In much of the country, this year's Thanksgiving turkey will be served with a piping side of political tension.

From the dramatic midterm elections to the partisan Supreme Court confirmation battle, 2018 has been one of the most divisive years in recent memory. And many Americans nationwide are bracing themselves for difficult dinner-table conversations with relatives from across the political spectrum.

"It's kind of like going into a big sporting event," Dr. Karin Tamerius, founder and managing director of SMART Politics, said Tuesday in an interview on Cheddar.

"Everyone's lined up on opposite sides and they're rooting for their team and they don't want to hear anything good about the other team."

Tamerius, a former psychiatrist whose expertise sits at the intersection of psychology and politics, is the mind behind Angry Uncle Bot, an interactive feature from The New York Times that simulates conversations with the titular disagreeable relative.

A "choose your own adventure" for the digital era, the tool lets users respond to provocative prompts with their choice of rebuttal. Tamerius' commentary then informs readers why their answer is, or is not, constructive to a bipartisan conversation.

"A lot of this is drawn from real conversations that I've had online," she said.

"After the 2016 election I decided I really didn't have enough contact with conservatives," Tamerius added, noting that her Berkeley, Calif., community was so liberal that she had to turn to the internet for different perspectives.

Conversations with Angry Uncle Bot will teach readers to avoid certain conversational tactics ー including anger and defensiveness.
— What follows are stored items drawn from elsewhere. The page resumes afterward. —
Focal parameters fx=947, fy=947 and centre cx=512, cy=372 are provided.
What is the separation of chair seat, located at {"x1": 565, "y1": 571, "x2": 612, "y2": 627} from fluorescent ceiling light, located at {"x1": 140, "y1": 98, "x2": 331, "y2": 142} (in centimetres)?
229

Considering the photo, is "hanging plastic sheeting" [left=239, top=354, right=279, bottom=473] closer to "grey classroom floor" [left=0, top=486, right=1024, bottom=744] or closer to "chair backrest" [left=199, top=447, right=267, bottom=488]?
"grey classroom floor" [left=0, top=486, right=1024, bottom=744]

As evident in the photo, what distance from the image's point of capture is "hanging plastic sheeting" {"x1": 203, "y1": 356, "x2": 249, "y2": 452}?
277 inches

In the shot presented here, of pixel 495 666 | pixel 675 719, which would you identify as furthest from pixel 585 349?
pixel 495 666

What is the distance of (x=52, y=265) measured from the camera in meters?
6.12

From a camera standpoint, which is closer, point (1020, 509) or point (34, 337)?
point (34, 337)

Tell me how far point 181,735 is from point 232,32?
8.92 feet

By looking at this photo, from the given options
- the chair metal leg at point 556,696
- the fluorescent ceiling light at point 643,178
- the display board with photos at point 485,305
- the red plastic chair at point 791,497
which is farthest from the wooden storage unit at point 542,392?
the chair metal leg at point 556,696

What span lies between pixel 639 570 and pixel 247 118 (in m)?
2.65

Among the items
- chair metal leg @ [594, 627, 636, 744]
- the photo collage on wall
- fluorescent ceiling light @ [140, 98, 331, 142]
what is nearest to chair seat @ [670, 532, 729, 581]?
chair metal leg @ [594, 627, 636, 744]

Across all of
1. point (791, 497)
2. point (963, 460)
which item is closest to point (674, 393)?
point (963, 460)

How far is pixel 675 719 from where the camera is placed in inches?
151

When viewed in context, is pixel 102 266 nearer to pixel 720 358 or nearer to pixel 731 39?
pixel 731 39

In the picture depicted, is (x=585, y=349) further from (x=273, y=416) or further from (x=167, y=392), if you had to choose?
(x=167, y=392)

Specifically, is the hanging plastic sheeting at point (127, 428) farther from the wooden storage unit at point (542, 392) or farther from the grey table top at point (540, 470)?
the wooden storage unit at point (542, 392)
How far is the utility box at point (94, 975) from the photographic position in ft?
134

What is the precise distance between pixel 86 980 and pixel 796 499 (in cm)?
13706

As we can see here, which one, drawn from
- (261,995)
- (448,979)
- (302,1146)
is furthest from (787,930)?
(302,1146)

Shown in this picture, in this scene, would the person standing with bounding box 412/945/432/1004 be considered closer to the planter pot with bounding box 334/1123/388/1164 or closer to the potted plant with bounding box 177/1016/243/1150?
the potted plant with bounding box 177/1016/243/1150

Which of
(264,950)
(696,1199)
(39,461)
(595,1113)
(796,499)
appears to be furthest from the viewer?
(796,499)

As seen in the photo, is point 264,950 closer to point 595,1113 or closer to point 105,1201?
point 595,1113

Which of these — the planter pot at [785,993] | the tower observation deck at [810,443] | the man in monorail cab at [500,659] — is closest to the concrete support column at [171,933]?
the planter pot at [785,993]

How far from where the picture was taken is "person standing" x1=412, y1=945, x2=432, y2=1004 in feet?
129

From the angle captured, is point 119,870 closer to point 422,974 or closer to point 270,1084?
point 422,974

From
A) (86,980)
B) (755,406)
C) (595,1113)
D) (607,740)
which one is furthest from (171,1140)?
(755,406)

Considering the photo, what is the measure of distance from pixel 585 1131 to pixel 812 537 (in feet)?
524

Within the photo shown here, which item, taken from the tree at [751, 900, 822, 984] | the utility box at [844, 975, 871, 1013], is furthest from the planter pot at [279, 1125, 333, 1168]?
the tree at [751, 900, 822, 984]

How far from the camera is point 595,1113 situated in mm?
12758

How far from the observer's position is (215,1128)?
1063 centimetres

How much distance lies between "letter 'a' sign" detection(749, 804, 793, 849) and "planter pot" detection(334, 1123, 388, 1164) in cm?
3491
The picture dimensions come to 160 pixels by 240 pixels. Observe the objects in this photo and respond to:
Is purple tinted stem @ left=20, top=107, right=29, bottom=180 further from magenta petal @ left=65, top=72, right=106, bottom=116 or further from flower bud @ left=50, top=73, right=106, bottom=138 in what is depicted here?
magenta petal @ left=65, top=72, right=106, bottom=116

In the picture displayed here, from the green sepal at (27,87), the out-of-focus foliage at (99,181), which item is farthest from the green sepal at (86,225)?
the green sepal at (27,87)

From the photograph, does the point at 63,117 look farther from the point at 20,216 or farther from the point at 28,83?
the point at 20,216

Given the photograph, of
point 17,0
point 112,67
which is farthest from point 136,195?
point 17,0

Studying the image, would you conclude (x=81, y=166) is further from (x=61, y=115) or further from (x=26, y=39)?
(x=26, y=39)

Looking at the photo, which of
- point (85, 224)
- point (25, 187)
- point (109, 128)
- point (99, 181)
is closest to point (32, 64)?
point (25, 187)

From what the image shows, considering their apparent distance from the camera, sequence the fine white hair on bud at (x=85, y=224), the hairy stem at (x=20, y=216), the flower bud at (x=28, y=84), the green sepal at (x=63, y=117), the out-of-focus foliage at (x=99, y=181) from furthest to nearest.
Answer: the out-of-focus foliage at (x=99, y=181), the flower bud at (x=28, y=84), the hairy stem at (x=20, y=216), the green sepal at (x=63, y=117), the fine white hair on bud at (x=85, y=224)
Tamerius warned that learning to effectively discuss politics with relatives is "not easy" and "takes practice" but is certainly possible.

"It's ok to want to change people's minds but you can't go into the conversation focused on that outcome," she said.

"The process is setting people at ease, building relationships, finding common ground, and then getting to a place where you can collaborate on how to make the world a better place."